Above the beach rises a steep cliff crowned with a row of shining new development: high rise condos, sea-facing balconies. This is like Miraflores, Lima’s new downtown mushrooming upwards. But Barranco, the neighborhood, is some blocks back from this, in from the coast.
Blown-out ghost mansions adjacent to new concrete-block apartments. Restaurants and bars, clubs and tiendas. It’s not commercial like Miraflores, at the same time, it’s not simply residential. At night there’s a nervous edge, during the day the streets busy with carbon.

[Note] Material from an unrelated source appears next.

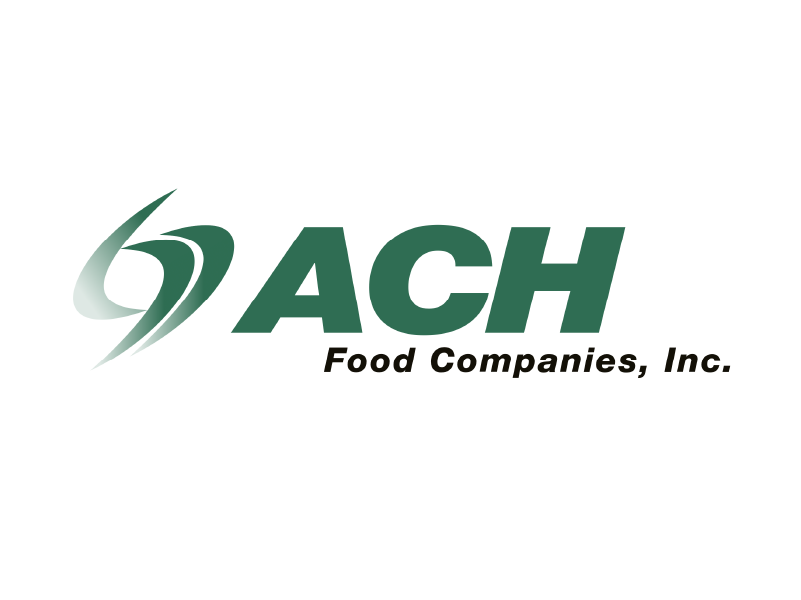 Logo for ACH Food Companies, Inc., featuring green stylized design and bold green and black text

Went out into Barranco tonight and stumbled across a little place called El Keko. The band was playing covers of Nico, the Velvet Underground, Bob Dylan, Janis Joplin… very earnest and heartfelt covers of American rock songs, curiously drawn from a certain era of the 1960s. Books for sale strewn on a table in the front room of the club. The first place that seemed to me to fulfill Barranco’s guidebook reputation as the “bohemian neighborhood” of Lima.
The place rolled with smoke, the age mix was nicely dispersed, with a concentration of young people, and Aurora and I had beer and pisco as we watched the bands. A young man with the thin face of a high altitude indigenous person, an Inca face, wears a mod hairdo, mop chop in place of knit cap with earflaps.
“Freedom’s just another word for ‘nothing left to lose'” the singer sings in the asymmetrical accent that comes from learning a language very carefully one small piece at a time: the way I imagine I would sing a song in Spanish that I loved first as a song before I could understand what it said.
A hamburger in Barranco: a burger in a bun on a bed of tiny, crunchy fries that crackle as you eat it. Mayo is served on the side in a tube. No lettuce, pickle, or tomato to be found.